I had a go at making a replica of our scaffold plank dining table to go in the dolls house. It turned out pretty good, so I thought I’d share how I did it! This dolls house dining table is roughly 1/12th scale, but I’m not exact (I measure using a tape measure in the shape of a mouse and an owl ruler, I’m not profesh!).
YOU WILL NEED:
Table legs (I got mine from Ebay)
Scalpel/Exacto knife/something to cut the balsa wood with
Gorilla or other wood glue
Optional wine/patience while being nagged by a small child (“Is it ready yet?” x 1,000…)
So, onto our table!
The first job was to measure the actual real life table. Our table is 165cm by 90cm, so to get the size of my dolls house table top I divided these measurements by 12 (13.75cm x 7.5cm). I drew a rectangle on some scrap paper to check the size was about right (and that it would fit in the dolls house!).

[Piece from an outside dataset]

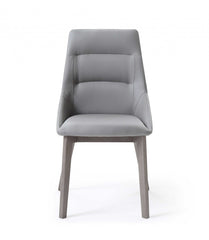 Set of Two Gray Upholstered Faux Leather Dining Side Chairs - Homeroots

I then got out my trusty plank of balsa – this stuff is lasting me ages! It was a bargain from Calder Graphics in Huddersfield at £1.79. I used the scrap paper as a guide and cut out the table top. I marked a line down the middle of the table using a scalpel, and then another line between this central line and the edge of the table to make it look like scaffold planks. Don’t worry if it’s not exact, it’s meant to be rustic right?
The next job was to make some supports for the underside of the table, to stop the legs moving about. I did this by eye, but if you wanted to be exact with it you would cut two thin pieces of balsa approx 0.5cm wide by 1cm less than your table top width (in this case 0.5cm x 6.5cm) and two of approx 0.5cm width x 12.75cm). When these are secured to the underside of the table top, it ensures there’s a slight overhang.

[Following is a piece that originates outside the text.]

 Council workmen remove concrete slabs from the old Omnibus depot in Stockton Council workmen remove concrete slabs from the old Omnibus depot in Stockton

I trimmed these down a bit (should have measured!) as they were too long.
I then asked my able assistant to glue the table legs into each corner. I put a small amount of Gorilla Glue into each corner and she stuck the legs in. Easy!

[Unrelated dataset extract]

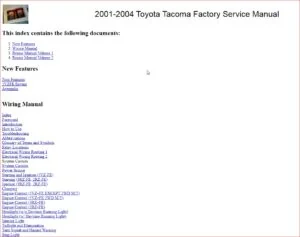 Toyota Tacoma 2001 - 2004 Complete Service Repair Manual - PDF Download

The next job was to paint the table. I used the same paint I used on our actual real life table, Estate Eggshell from Farrow and Ball in Purbeck Stone. I left the table top untreated (because I’m a bit lazy, and it looks pretty much like our actual table).
When the paint was dry, I handed it over to my assistant so she could arrange it in the dolls house. Safe to say, she loves it, and it is such an easy make! The table legs cost 99p and the actual table top cost next to nothing.